You really need to stop doing this with your threads. LoL


----------



## ICP Sux0rZ! (Jan 10, 2005)

Bumpin said:


> You really need to stop doing this with your threads. LoL


yeah i know

maybe if we could delete our own threads


----------



## Bumpin (Feb 18, 2003)

Ask a mod to delete it for you.


----------



## ICP Sux0rZ! (Jan 10, 2005)

Bumpin said:


> Ask a mod to delete it for you.


ehh they'll find it :thumbup:


----------



## ICP Sux0rZ! (Jan 10, 2005)

ok this thread is useful again

ok since i'm gonna be running a 3200watt + system


aside from h/o alt. yellow top optima, and 'the big 3' what else can i do to improve the effiencey of my system?


----------



## Bumpin (Feb 18, 2003)

A second battery and an isolator. Thick wires with a good amount of coating for protection against splitting.


----------



## sr20dem0n (Mar 19, 2003)

is this 3200+ peak or rms, and what are the amps, and what impedance will you be running them at


----------



## ICP Sux0rZ! (Jan 10, 2005)

subs 2 12" power acoustik mofo's

hifonics XX Cloussus 2x1600watt @1ohm

hifonics XX jupiter 4x140watt @ i think 2 ohms


----------



## sr20dem0n (Mar 19, 2003)

Well those subs can't handle nearly as much power as that sub amp can supply, so you don't really have to worry about having a 3200 rms sub amp since you probably won't even be able to use half of that.
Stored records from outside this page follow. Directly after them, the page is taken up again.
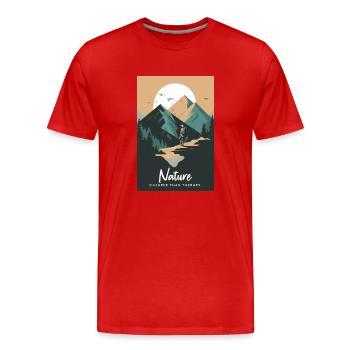 Nature Is Cheaper Than Therapy Mountains Hiking - Männer Premium Bio T-Shirt - Rot - Vorne - Damien (186cm)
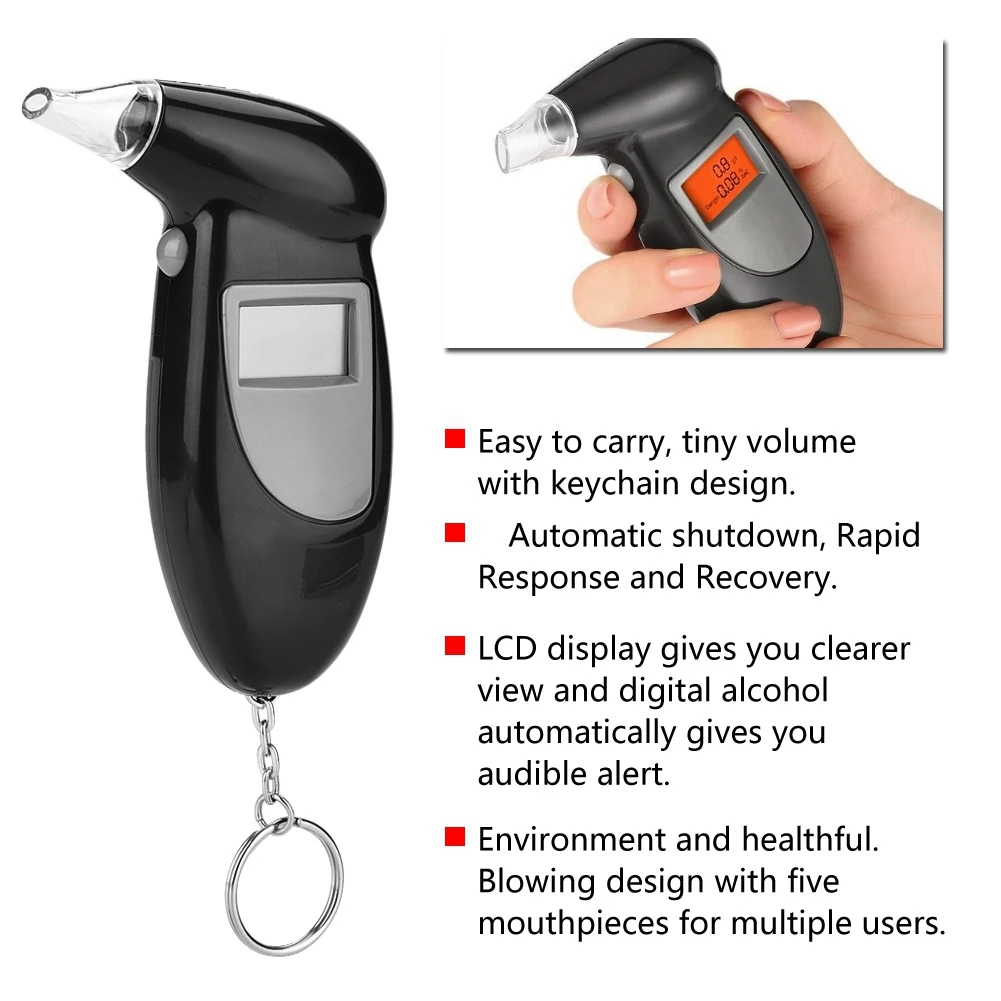 Breath Tester Alcohol Analyzer LCD Screen Professional Alcohol Breath Tester Analyzer Lie Detector Breathalyser No Backlight
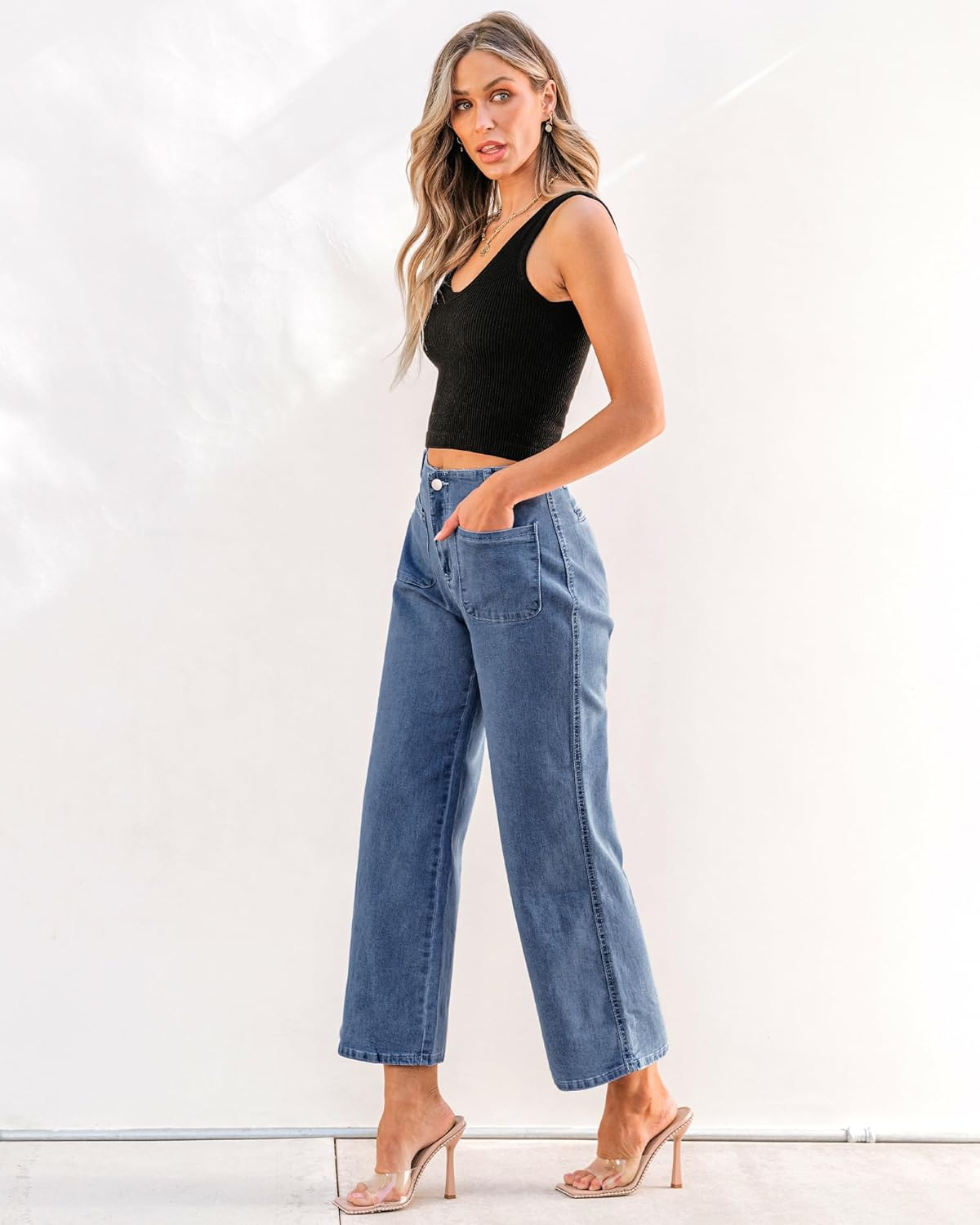 GRAPENT Wide Leg Jeans for Women High Waisted Straight Leg Stretchy Cropped Denim Pants with Pockets Jean TrousersClassic Blue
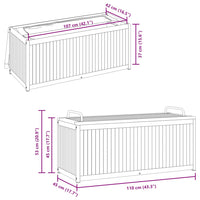 vidaXL Scatola Cuscini da Esterno 110x45x42/53 cm Legno Acacia/Acciaio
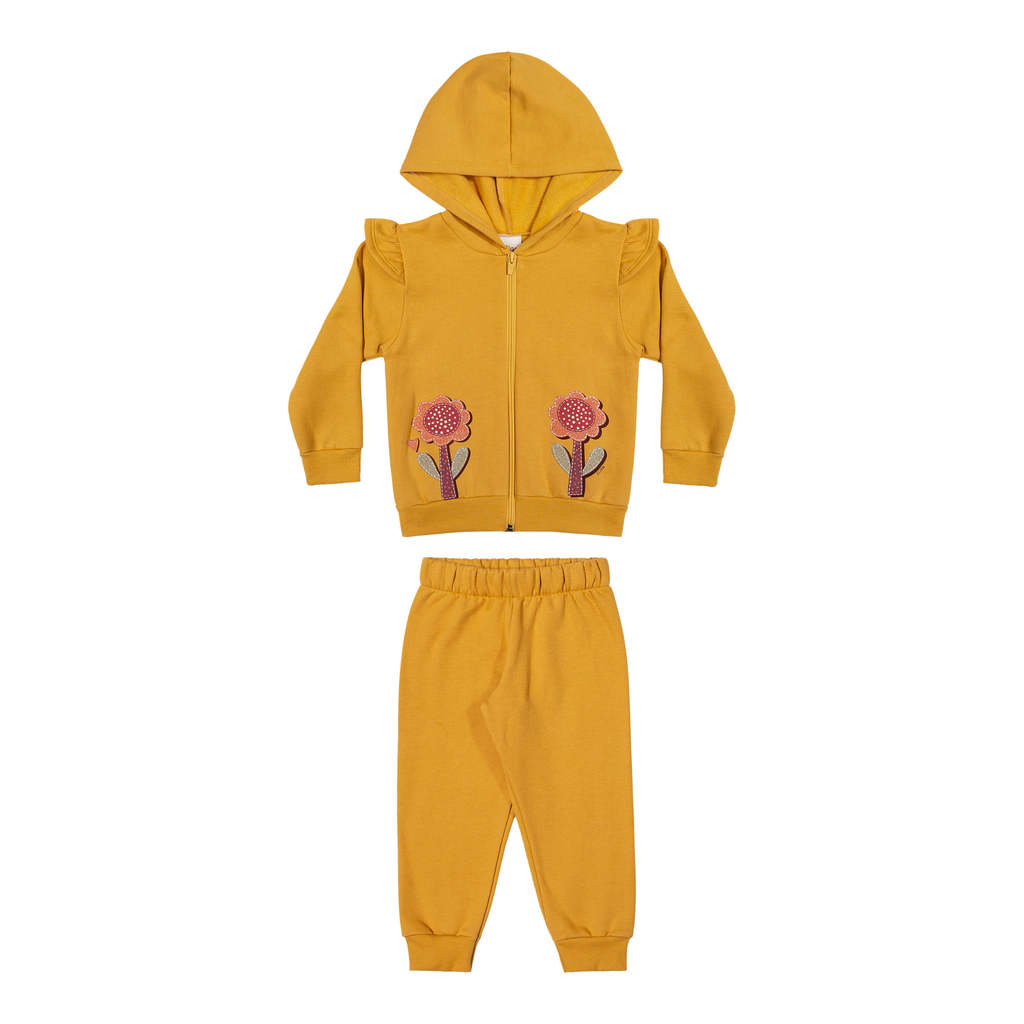 Conjunto Infantil Menina Moletom Flores Elian Amarelo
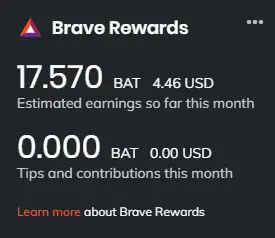 Brave BAT estimated earnings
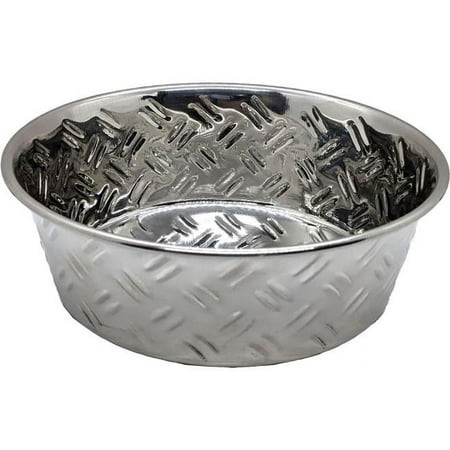 Ethical Pet Spot Criss-Cross Stainless Steel No-Skid Dog Bowl - 32 oz / 1 Quart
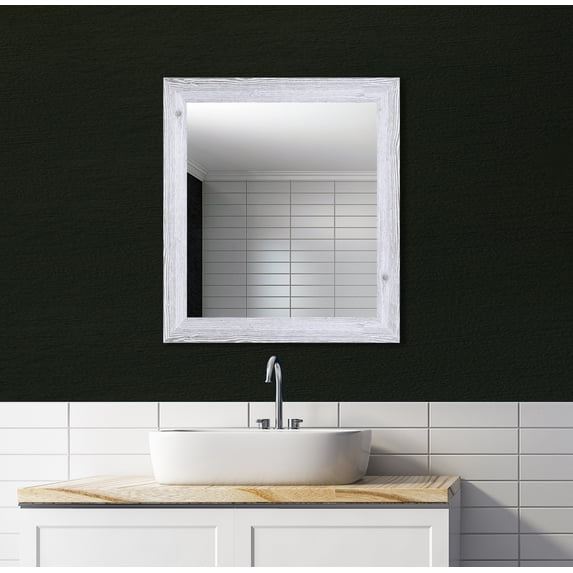 Rayne Wide 33 X 38 WHITE DISTRESSED Mirror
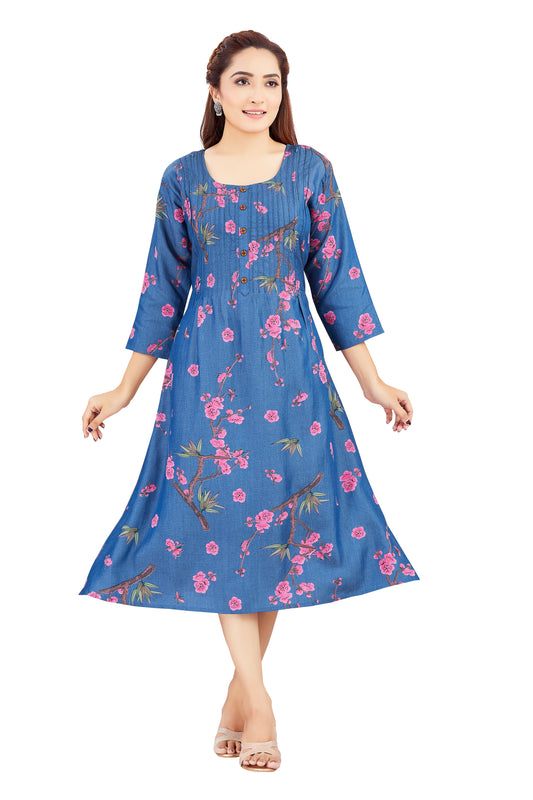 Blue & Floral Pink Feeding Dress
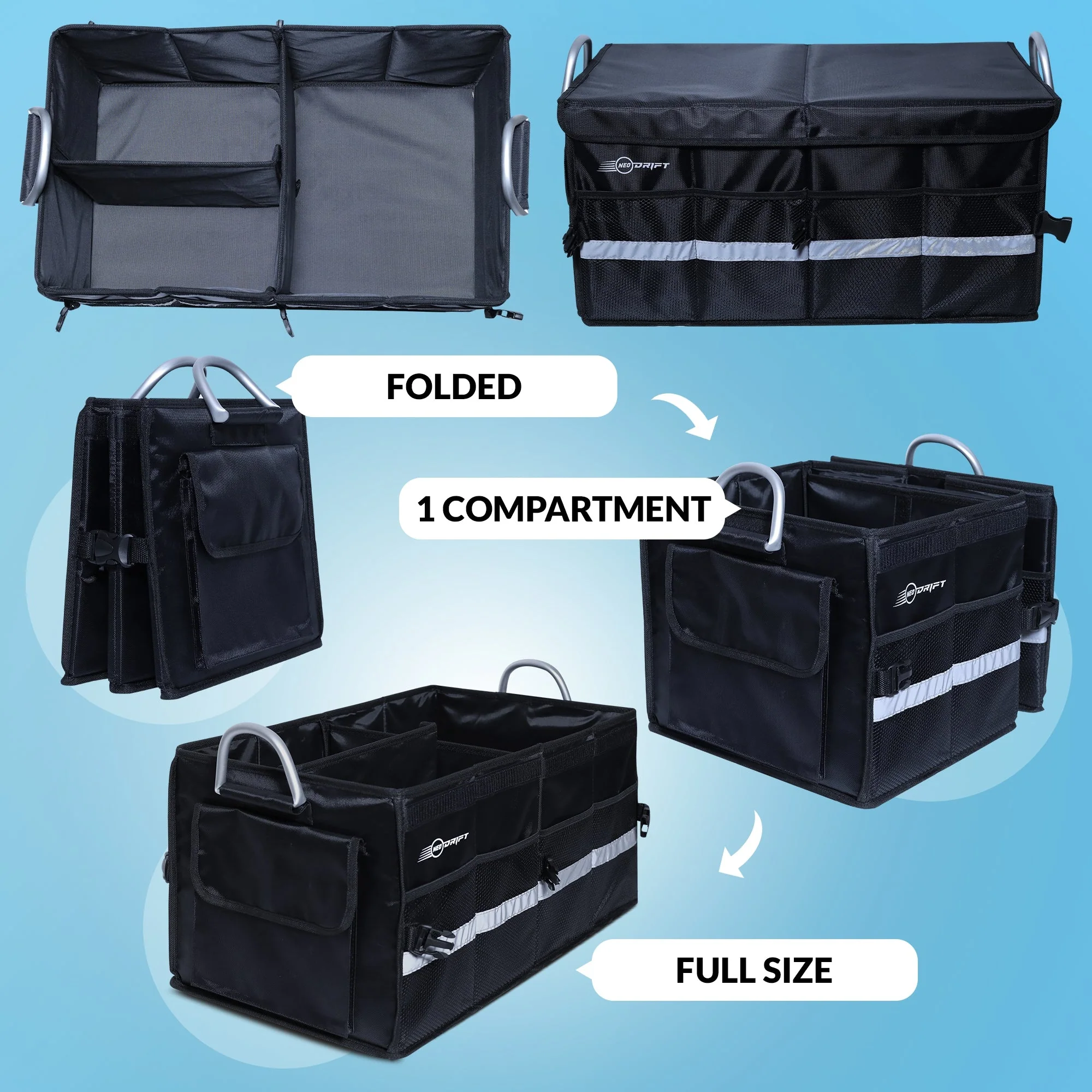 Neodrift 'Trunk Master' - Multi-Compartment Car Organizer for Garage, Sedan, SUV, Minivan - Image 14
You could still have problems though, it really depends on how you listen to your music, not what the system is capable of. If the way you listen to your music requires 3kw then you're going to have some severe problems, but if the way you listen to your music requires 300 watts and you just happen to have 3kw available, you won't have any problems at all.


----------



## ICP Sux0rZ! (Jan 10, 2005)

how cant those subs handle 1600rms?


----------



## sr20dem0n (Mar 19, 2003)

because they just...can't

First off they're only rated at 1200rms a piece, and PA is slightly overrated to begin with. I would be hesitant to give them any more than 1kw a piece, and at that power level you really need to watch their excursion to make sure they aren't bottoming, they have a pretty small xmax but I'm not sure what the xmech is like.


----------



## ICP Sux0rZ! (Jan 10, 2005)

i've seen a PA setup with this amp they worked fine


----------



## sr20dem0n (Mar 19, 2003)

Sure, but you can't send them the full power that amp is capable of sending, that's all I'm saying. You could put a 10kw amp on a tweeter if you wanted and it would work fine, but you would only be using 5-10 watts of that 10,000 watts the amp is capable of sending, if you tried to use more the speaker would blow.

So out of that 3.2kw you have available, you're probably only going to be able to safely use around 2kw, which could still cause problems. It really depends on how you listen to your music though like I said above.


----------



## ICP Sux0rZ! (Jan 10, 2005)

hmmmmmmmm............


----------